Mi tía Clara era monja. Una decisión tomada desde muy joven que sigue siendo un misterio familiar. Digo misterio porque fue hija de Pedro, un hombre que afirmaba no creer en ningún ritual creado por el hombre y dentro de esas invenciones, encuadraban perfectamente los religiosos. Mi abuelo sostenía, no sin razón, que un Dios tan bueno y poderoso no podía permitir que uno de sus hijos sufriera como entonces sufrían las monjas de clausura. La rebeldía de aquella novicia le costó que durante siete años su padre no le dirigiera la palabra. La visitó solamente la primera vez y cuando vio que solo podía hablarle a través de un tapiz dijo que a partir de ése día solo tenía tres hijos varones.
Clara fue una monja de película. Se movilizaba en moto. Primero en una Siambretta de dos tiempos y tres velocidades con cambio en el manubrio y luego en una Vespa. En la parte trasera de la moto instaló un canasto. En él guardaba facturas y pan que recogía en el trayecto desde la
casa de mis abuelos hasta el convento. Luego lo repartía en una zona humilde cercana a Villa Adelina.

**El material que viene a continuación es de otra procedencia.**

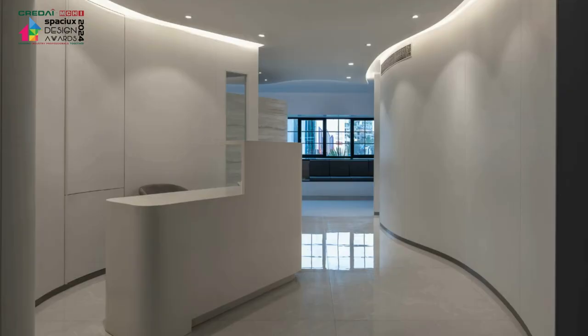Hi, this is architect Bhakti Pote from Penta Space Design Studio. Today I'm here to talk about one of my favorite projects, which is a clinic.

Le gustaba hacer travesuras impropias para una religiosa.
En tiempos de la dictadura, tomó un acelerador inútil de una máquina de coser, lo envolvió en un paquete hecho con papel madera cuidando que los dos cables que salían del metal quedasen fuera del envoltorio. Viajó con él hasta el centro, lo colocó en una vidriera y llamó al comando radioeléctrico denunciando que había un artefacto extraño en la calle. Luego compró un pote de helado y sentó enfrente a ver como se acordonaba la zona, el despliegue de la brigada de explosivos y la tensión de la gente.
Eduardo, un vecino y amigo daba clases de trompeta frente de casa. Uno de sus alumnos trajo una máscara de Estados Unidos con una expresión siniestra pero no exagerada. Un rostro que infundía terror, con una cicatriz en la mejilla, barba y pelo tupido, enrulado y blanco en la parte superior de la cabeza. El hueco de las órbitas estaban perfectamente ajustados para que los ojos fueran los de quien se la calzaba y los labios se adherían a los de la boca del impostor. Se podía hablar y fumar con ella. Esa máscara estuvo un tiempo en casa y sembró el espanto de más de un desprevenido. Mi tía la tomó y la llevó al convento. Se puso las ropas del jardinero y la máscara una noche. Se asomó a la cocina donde estaban conversando otras tres monjas. La que la vió asomarse se desmayó.
Una tarde que no conseguía flete para llevar unos muebles hasta el convento, paró a un botellero y le preguntó cuánto le cobraba por llevar algunas cosas unas cincuenta cuadras. Acordaron y ni bien pusieron las cosas arriba del carro, ella se sentó en el pescante y tomó las riendas de los caballos. Se fue conduciendo.
La operaron de un cáncer de intestino. Le pidieron reposo. Quisiera ver la cara del médico cirujano que la operó, cuando una semana después de haberle dado el alta, la cruzó montada en su moto en el puente de Paraná y Panamericana.
Siempre alentaba el aprendizaje de nuevas habilidades. A mi hermana Ana y a mí nos anotó en un curso de cerámica donde pudimos hacer algunas cosas que hoy perduran.
Fue ella la que me regaló la Olivetti sobre la que escribo ahora. Fue ella la que alentó junto a mis padres la insana costumbre de ordenar palabras y transmitir historias.
Hice el servicio militar en la época de la guerra de Malvinas en el Batallón de Arsenales 601 Esteban de Luca. En épocas de guerra salíamos vestidos de combate ante la posibilidad de una convocatoria de emergencia.
Se que rezaba para que no me pasara nada y ante tres convocatorias de traslado al sur, con despedida mediante, regresé. La última porque la guerra ya estaba en su último tramo. Quiero creer que a su Dios le caía simpática esta monja y le concedió el deseo.